Configure and instantiate a Megatron Core GPT model based on this configuration.

Parameters:
  • pre_process – Whether to include pre-processing in the model, defaults to first pipeline stage

  • post_process – Whether to include post-processing in the model, defaults to last pipeline stage

  • vp_stage – Virtual pipeline stage

Returns:

Configured Megatron Core GPT model instance

Return type:

MCoreGPTModel

bridge.models.gpt_provider.mtp_block_spec(
config: bridge.models.gpt_provider.GPTModelProvider,
vp_stage: Optional[int] = None,
) Optional[megatron.core.transformer.ModuleSpec]#

Pass in the MTP block spec if model has MTP layers.

Parameters:

config – GPT configuration object

Returns:

The MTP module specification

Return type:

ModuleSpec

class bridge.models.gpt_provider.GPTProvider175B#

Bases: bridge.models.gpt_provider.GPTModelProvider

Configuration for a 175B parameter GPT model.

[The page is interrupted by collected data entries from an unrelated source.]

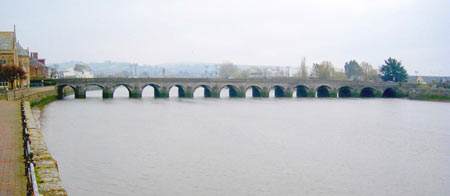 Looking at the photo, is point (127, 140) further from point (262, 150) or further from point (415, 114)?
point (415, 114)

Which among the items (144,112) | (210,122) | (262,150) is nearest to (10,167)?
(262,150)

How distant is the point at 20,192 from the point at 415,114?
47686 mm

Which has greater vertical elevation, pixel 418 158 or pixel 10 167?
pixel 10 167

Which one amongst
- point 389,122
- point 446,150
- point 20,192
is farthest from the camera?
point 389,122

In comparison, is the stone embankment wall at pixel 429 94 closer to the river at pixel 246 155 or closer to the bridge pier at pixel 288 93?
the bridge pier at pixel 288 93

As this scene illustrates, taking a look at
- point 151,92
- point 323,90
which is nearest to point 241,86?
point 323,90

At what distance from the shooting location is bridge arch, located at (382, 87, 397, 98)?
3307 inches

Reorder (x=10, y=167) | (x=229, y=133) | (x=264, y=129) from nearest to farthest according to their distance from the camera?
A: (x=10, y=167) < (x=229, y=133) < (x=264, y=129)

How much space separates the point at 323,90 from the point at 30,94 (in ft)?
181

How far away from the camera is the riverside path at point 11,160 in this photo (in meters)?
11.2

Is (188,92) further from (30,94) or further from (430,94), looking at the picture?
(430,94)

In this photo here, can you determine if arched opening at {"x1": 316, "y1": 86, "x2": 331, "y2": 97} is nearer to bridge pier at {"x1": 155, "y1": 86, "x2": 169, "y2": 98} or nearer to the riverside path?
bridge pier at {"x1": 155, "y1": 86, "x2": 169, "y2": 98}

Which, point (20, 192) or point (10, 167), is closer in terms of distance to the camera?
point (20, 192)

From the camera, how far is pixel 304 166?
894 inches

Predefined configuration for a massive GPT model with 96 layers, 12288 hidden size, and 96 attention heads.

seq_length: int#

2048

num_layers: int#

96

hidden_size: int#

12288

ffn_hidden_size: int#

49152

num_attention_heads: int#

96

hidden_dropout: float#

0.0

attention_dropout: float#

0.0

bias_activation_fusion: bool#

True

bias_dropout_add_fusion: bool#

True

use_transformer_engine_full_layer_spec: bool#

True

layernorm_zero_centered_gamma: bool#

True

bridge.models.gpt_provider._patch_yarn_concentration_factor()#

Patch MCore _yarn_get_concentration_factor_from_config for None handling.

GPTModelProvider defines yarn_rotary_scaling_factor as Optional[float] = None, but MCore uses hasattr() which returns True for dataclass fields set to None. This causes a crash for non-YARN models. Use getattr + is not None instead.

TODO: Remove once upstream MCore merges the fix.

bridge.models.gpt_provider._patch_te_grouped_linear_single_grouped_weight()#

Guard for main/dev branch submodule compat: single_grouped_weight/bias kwargs.

MCore dev (commit 5c544844) passes single_grouped_weight and single_grouped_bias to TE GroupedLinear.__init__ when is_te_min_version("2.14.0"). However some TE 2.14.0 builds only expose a single single_grouped_parameter kwarg. Remap so both APIs work.

TODO: remove guard once TE ships the split weight/bias API in a stable release and the CI container is updated.